Originally, HUD planned to sell the loans in pools to Wall Street investors. But state and local housing officials prevailed on HUD to give them a crack at purchasing individual loans, so that the housing officials could refurbish deteriorated apartments built with the loans.
Much of the rehabilitation would be financed with tax-exempt multifamily housing bonds or 501(c)(3) bonds, the housing officials said. They have estimated that upwards of $11 billion in loans could eventually be sold.
Robin Salomon, a lobbyist with the 1300 Group in Washington, told the housing association that HUD "has expressed a real willingness to go ahead, move forward, and negotiate with you, one-on-one, not in a pool."
Salomon said state and local housing officials who want to buy a non-performing loan from HUD should begin now to find the projects in their jurisdictions financed with those loans. He advised the officials to make a Freedom of Information Act request to HUD seeking "all the insured deals in your jurisdiction, current or defaulted, subsidized or not, name and address."
The loans HUD intends to sell were insured by the agency and assigned to HUD when borrowers defaulted. HUD has been unable to sell the loans because of a 1987 law that requires the department to offer subsidies to buyers of the loans under Section 8 of the housing code to ensure that the properties are preserved for low-income tenants.
Before beginning the loan sale process, HUD is waiting for Congress to pass legislation that the agency proposed to ease the subsidy requirement by allowing HUD to use other methods to guarantee that the projects remain low-income. The Senate Banking Committee passed the bill last month, and the House Banking Committee passed a slightly narrower version last week.
A Senate housing aide said he hopes Congress can take final action on the legislation before adjourning for the year. Adjournment is expected late this week or early next week.
Retsinas also told the housing association he hopes to reinvigorate the Federal Housing Administration through both the loan sales and a new insurance program the department plans to propose in the near future. Under the program, state and local housing agencies would share the insurance risk on housing loans backed by the federal government.
"I want you to know that I did not come to Washington, D.C., to preside over the demise of the Federal Housing Administration," Retsinas said.
When he arrived at HUD earlier this year, Retsinas said he instigated a thorough accounting of the FHA's housing insurance programs, and was concerned by what he found. One of the startling discoveries was that 27% -- that is, nearly $12 billion -- of the FHA's insurance in force at the time was at risk," Retsinas said.
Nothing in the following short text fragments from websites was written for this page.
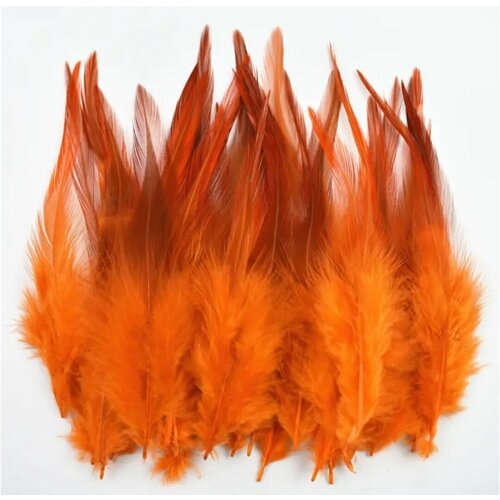 Перья фазана для рукоделия 298₽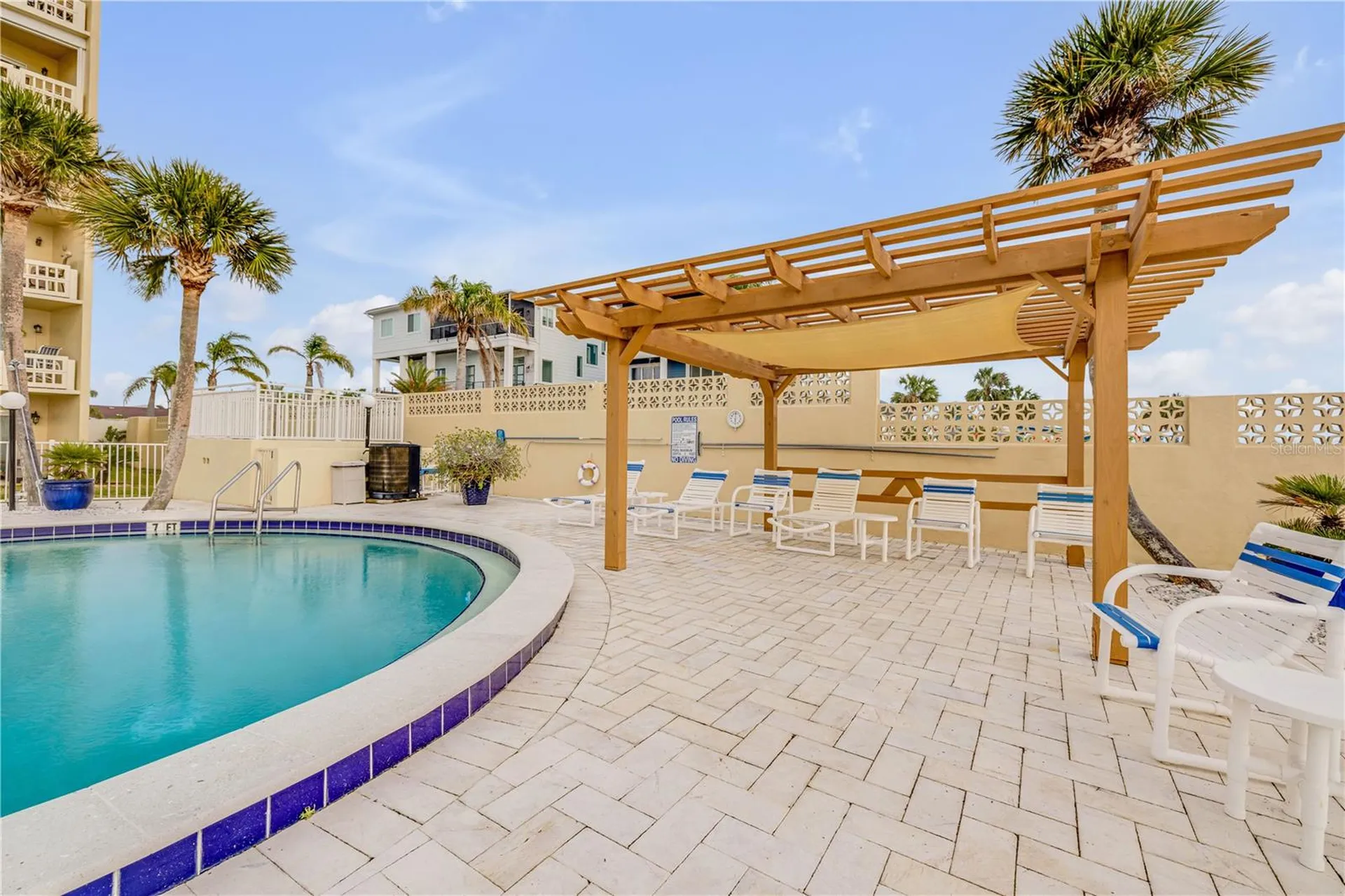 3606 S Peninsula Drive Port Orange FL 32127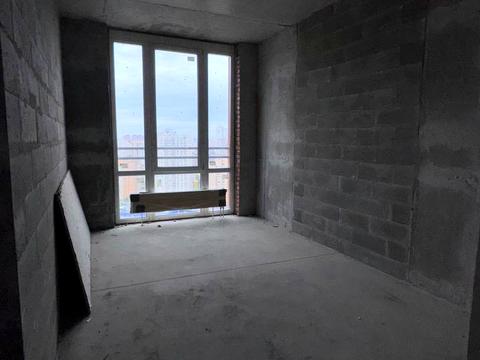 квартира по адресу Днепровская набережная ул., 18-А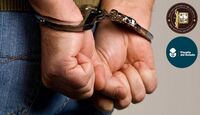 Cae en Sonora prófugo buscado por homicidio y secuestro en Jalisco desde 1996.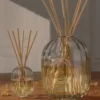 Ambre (Bernstein) – Nachfüllflasche für Diffusor für Raumdufte – 200 ml Ambre (Bernstein) – Nachfüllflasche für Diffusor für Raumdufte – 200 ml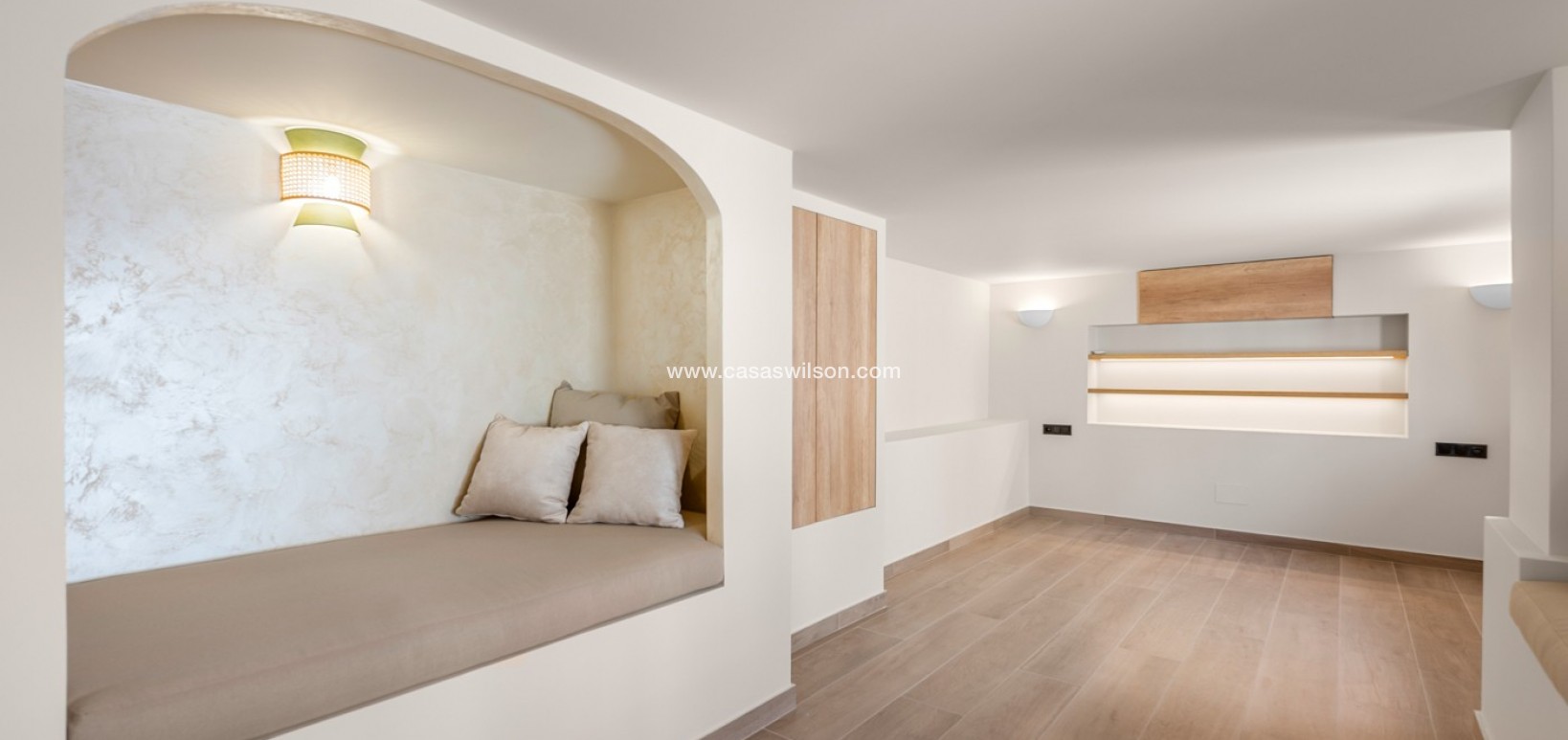 Sale - Villa - Ciudad Quesada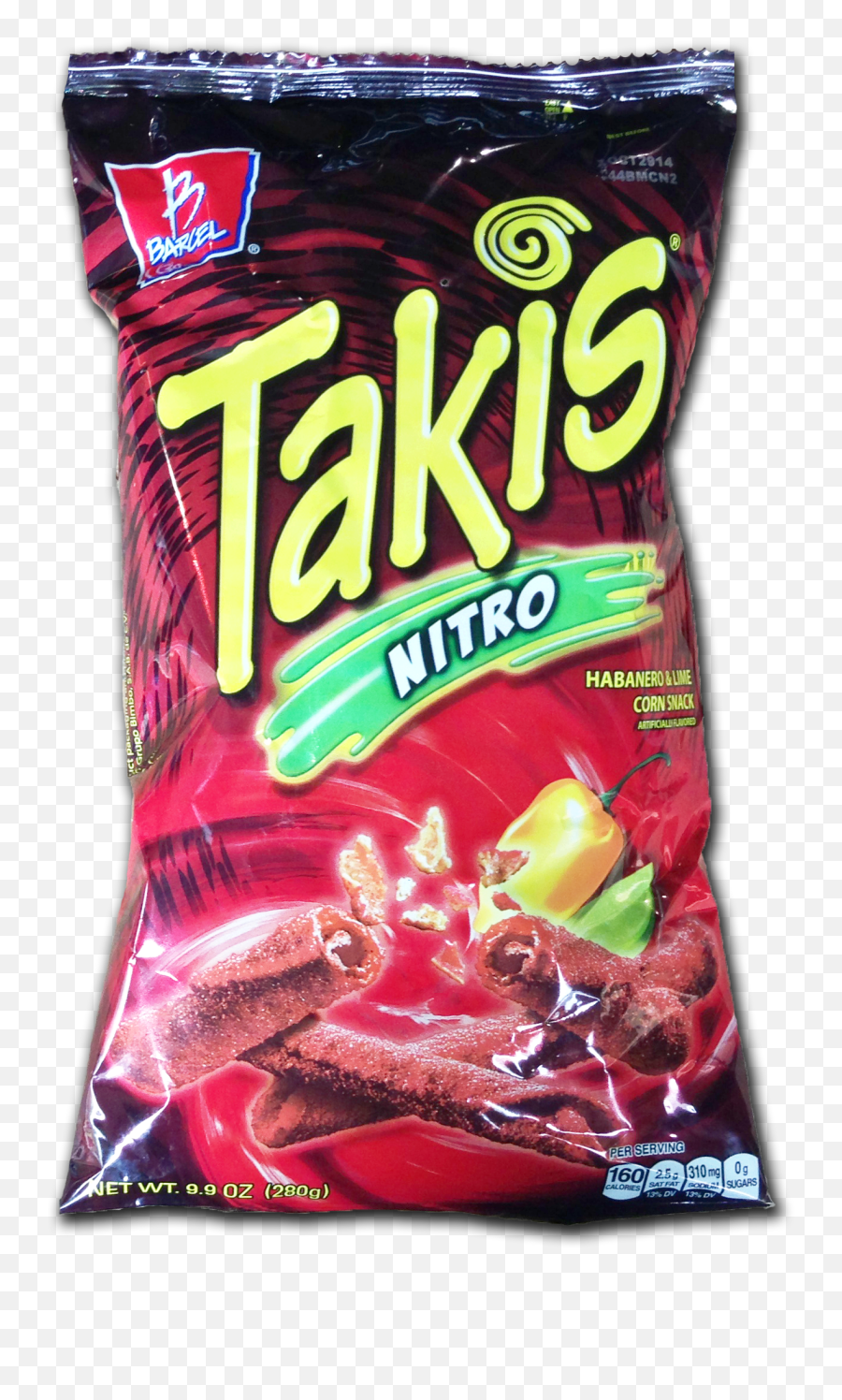 Takis Nitro - Takis Chips Png,Takis Png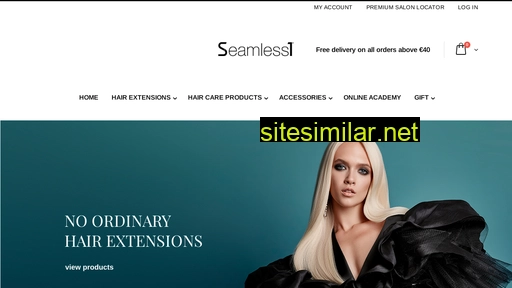 seamless1.com.cy alternative sites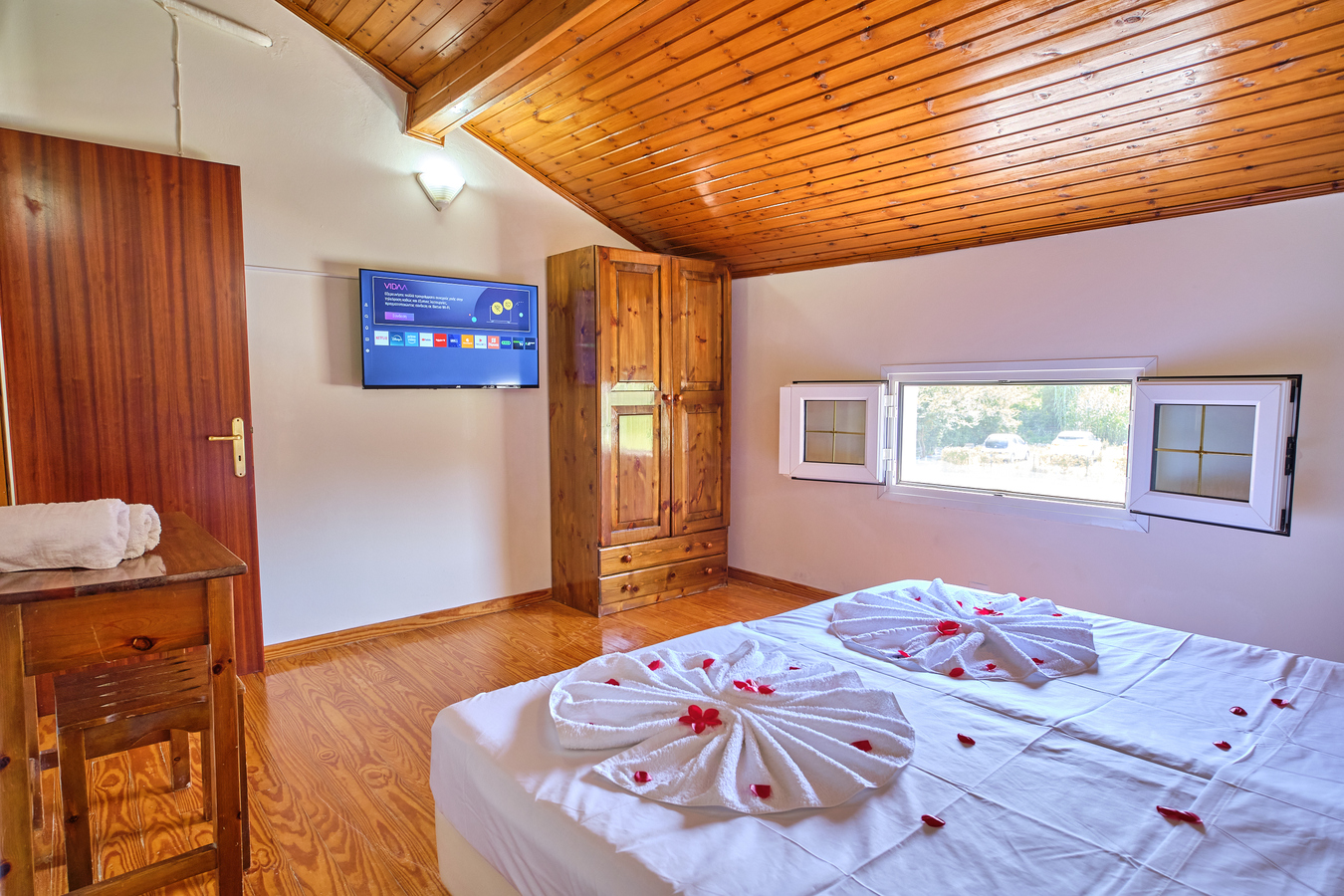 Maisonette 3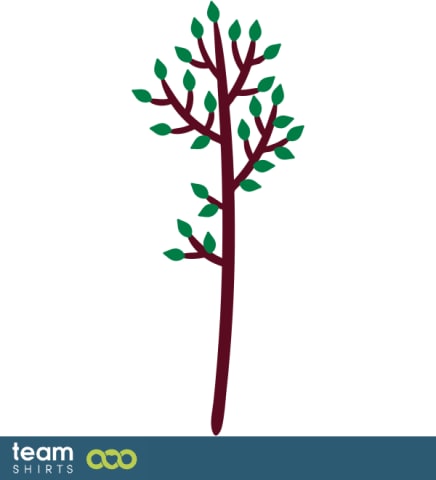 BAUM FRÜHLING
"We are on the precipice of a major crisis for the American taxpayer, and more importantly for the mission that [state and local housing officials] undertake," he said. "If we don't take care of business and deal with these issues, then we're not going to be trusted to develop and design new housing programs."
In his former position as executive director of the Rhode Island Housing and Mortgage Finance Corp., Retsinas lobbied Congress to permanently extend the low-income housing tax credit and the tax exemption for mortgage revenue bonds. Legislation was enacted in August to make the two tax breaks permanent.
Retsinas told the housing association that given ever tightening federal budget constraints, it was a stroke of luck that the housing community won the permanent extensions in 1993.
"If we hadn't made it under the window [this yearl, I'm not sure the window would have opened again," Retsinas said. "It is a very, very, very. difficult budget environment. I'm not sure the window will open again for that kind of program."
Retsinas said he has "seen some of the early numbers on the fiscal year 1995 budget, and they're pretty frightening." He did not elaborate.